Provide students with a short case study of a water-stressed region. Ask them to identify two potential water management strategies (one supply-side, one demand-side) and briefly explain one positive and one negative consequence of each for that specific region.

Peer Assessment

Students draft a paragraph evaluating the social impacts of a specific water transfer project. They then swap their paragraphs with a partner. Peer reviewers use a checklist to assess if the paragraph clearly identifies social impacts, provides specific examples, and offers a brief judgment on the severity of these impacts.

Frequently Asked Questions

What are key water management strategies for GCSE Geography?
Core strategies include dams for storage, desalination for new supply, transfers between regions, and conservation via recycling or metering. Students compare them using criteria like cost per cubic metre, carbon footprint, and equity.

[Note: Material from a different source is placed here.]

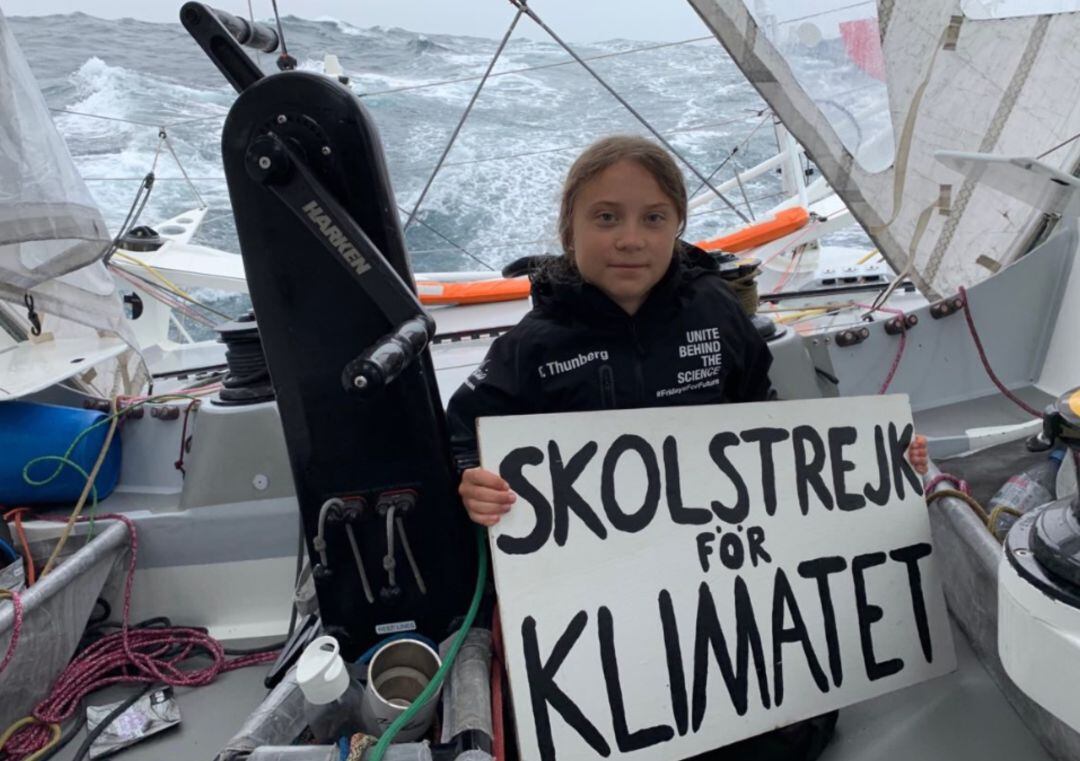 Greta Thunberg, de 16 años, a bordo de el &#039;Malizia II&#039; en una travesía por el océano Atlántico.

Case studies such as Israel's desalination success or the Mekong transfers illustrate context-dependent effectiveness, preparing for evaluative exam questions.
What environmental impacts come from large water transfer schemes?
Transfers alter river flows, reducing biodiversity and causing salinisation in source areas. They fragment habitats and increase evaporation losses. Socially, they spark conflicts over water rights. Teaching through stakeholder debates helps students weigh these against benefits like urban supply security in growing cities.
How can active learning help teach water management strategies?
Active methods like role-plays and design challenges make trade-offs experiential. Students defending stakeholder views or pitching plans negotiate real tensions, such as environmental costs versus human needs. This boosts critical thinking, retention of case data, and exam-ready evaluation skills over passive note-taking.
Examples of sustainable water use in water-stressed regions?
Singapore's NEWater recycles wastewater for 40% of supply, combining tech with public education. Australia's Murray-Darling Basin caps usage through markets and monitoring. These reduce demand while protecting rivers. Classroom simulations of allocation models let students test such systems, appreciating behavioural and infrastructural shifts.